両親は私の留学に理解を示してくれました。


私の胸に熱いものがこみ上げてきます。


両親の優しさが胸にしみます。


「カロリーナ様とマダリン様が私の刺繍とお菓子を褒めてくださいました。あれからずっと考えていました。自分がどこまでやれるのか、自分の才能をどこまで活かせるのか? お父様、お母様、私、自分の才能を試してみたいんです!」


私は胸に秘めていた思いを両親に伝えました。


「そうかお前が誕生日にプレゼントしてくれた刺繍は、誰に見せても好評だった。売り物だと勘違いした相手に『どこに売っているのか教えてほしい!』とまで言われたこともある」


「あなたの作るお菓子は形も色もよくて、とっても美味しかったわ」


両親は、私の才能を高く評価してくれていました。


「ありがとうございます! とても嬉しいです!」


両親に褒められるのは嬉しいです。


だけど私には二人にもう一つ伝えなくてはいけないことがあります。


「留学したらこのまま戻らないかもしれません。だけど……私には長女として婿を取る責任が……」


カロリーナ様とマダリン様のお話だと、隣国の学園はとても素敵なところのようです。


学園を卒業後、そのまま隣国に住み続ける方も多くおられるとか。


刺繍とお菓子作りの才能を認められたら嬉しい。


留学したらきっともっともっと勉強したくなります……。


私は跡継ぎとして、責任を放棄して行くわけにはいきません。


「エミリーはそこまで思いつめていたんだね。この国ではたくさん辛いことがあったのだからしかたないな」


「お父様、そうじゃないんです! 留学のきっかけは婚約破棄ですが、私自分の能力をもっと磨きたいんです!」


そしていつか、カロリーナ様とマダリン様のような堂々とした淑女になりたいんです。


「そう、そうだったのね。あなたは向上心の強い子だものね。ねえ、あなた」


母は父の耳元で何か囁き、父もそれに同意しました。


「エミリー、家のことは気にしなくていいんだよ。お前には我慢ばかりさせたからな。格上の侯爵家の令息ならと思ってお前の婿にしたが、あれがすべての間違いだった」


「あなたには妹がいるわ。もしものときは次女に家を継がせてもいいのよ」


両親の優しさが胸にしみます。


「ありがとうございます! お父様! お母様! わがままなお願いだとわかっています! 二年間待ってくださいませんか? 留学してどうにもならなかったら、戻ってきて家を継ぎます! その時は政略結婚も受け入れます!」


妹は今六歳、二年後は八歳になっています。


八歳は婿養子を取るための教育を始めたり、婚約者を探すにはギリギリの年齢です。


妹の為にもそれ以上は時間をかけられません。


家を出て事業を起こすか、家に帰って後を継ぐか、それまでには決めなくてはいけません。
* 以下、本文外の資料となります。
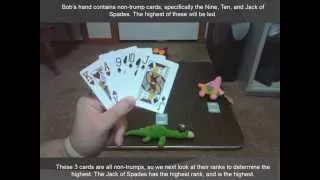How to Play EECS 280 Euchre with Simple Players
「行ってくるといい。この国ではお前は針のむしろだ。留学して気が晴れるならそれも良いだろう。妹には私から説明しておく」


「いってらっしゃい。あなたならやれると信じているわ」


「ありがとうございます! お父様! お母様!」


こうして私は両親の許可を得て、隣国に留学することになりました。